Class 6.2

Socrates’ Higher Vision of Love

Reading: Plato, Symposium, 32-77.

Writing: Respond to ONE of the following prompts. Keep your response short, posting as a reply under the appropriate heading in the comments section:

  1. Agathon offers a glimpse of the rhetorical style practiced among by trained Sophists—those paid teachers of oratory against whom Socrates defined himself. Focus our attention on a particular phrase or turn of logic and say what you like about it—or perhaps what you find distasteful.
  2. Socrates refuses to “play the game” and give a proper speech. Instead, he interrogates Agathon. Pointing to particulars, what does this move allow the philosopher to do? Does he accomplish something special, or does he simply sidestep the challenge of giving a speech in praise of Love?
  3. Some of you likely noticed the odd absence of women in this dialogue. Yet the crowning speech is given by a wise woman, Diotima.

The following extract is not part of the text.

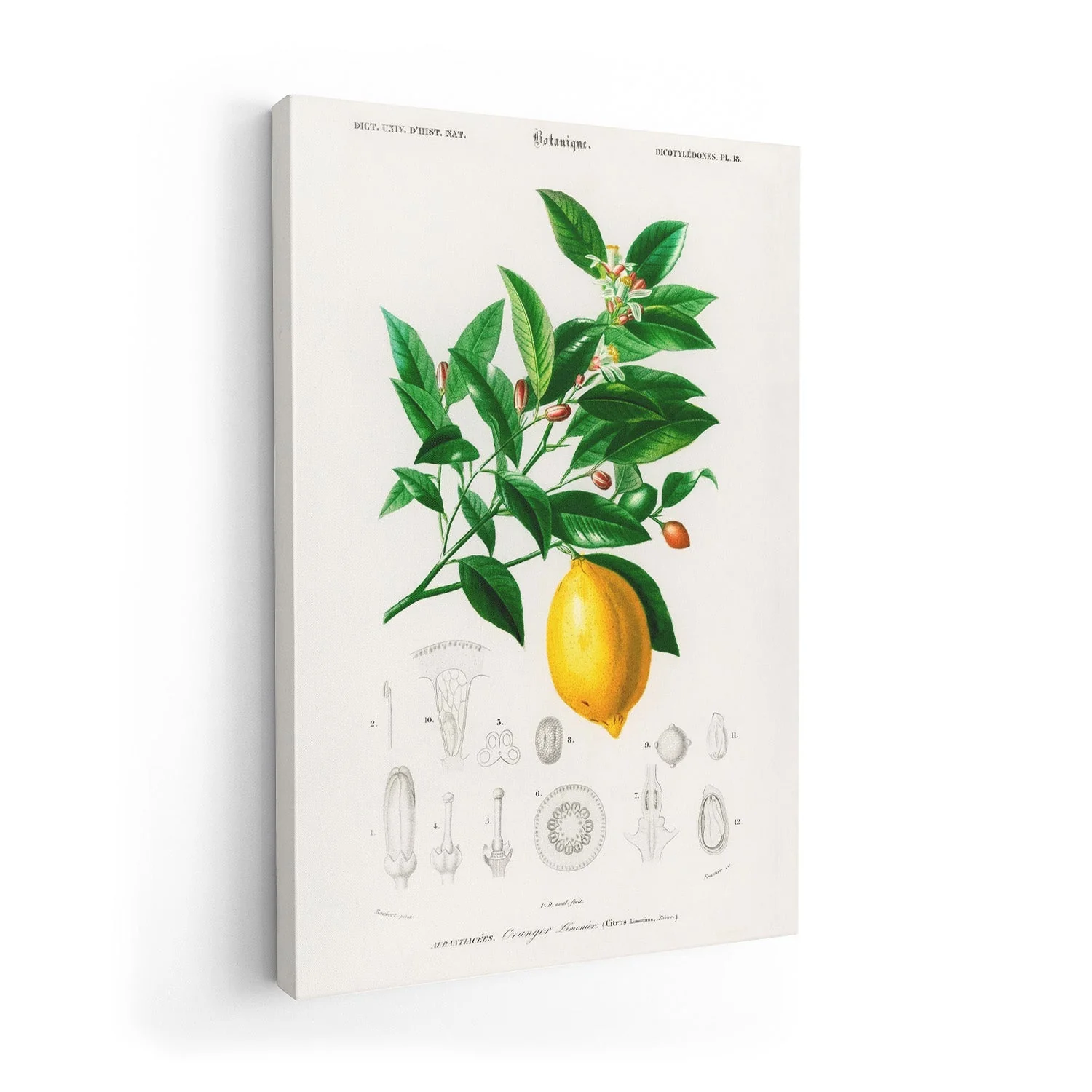 Lime Flower & Lemon Fruit - Image 7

Pointing to particulars, how does her style of speech or her thinking differ from those of the men who preceded Socrates?
  4. The dialogue ends with Alcibiades’ drunken entrance. He, too, gives a speech, but his is in praise of Socrates. Pointing to particulars, how does his speech stand in relation to the earlier ones? Does it clash with them? Or harmonize in some way?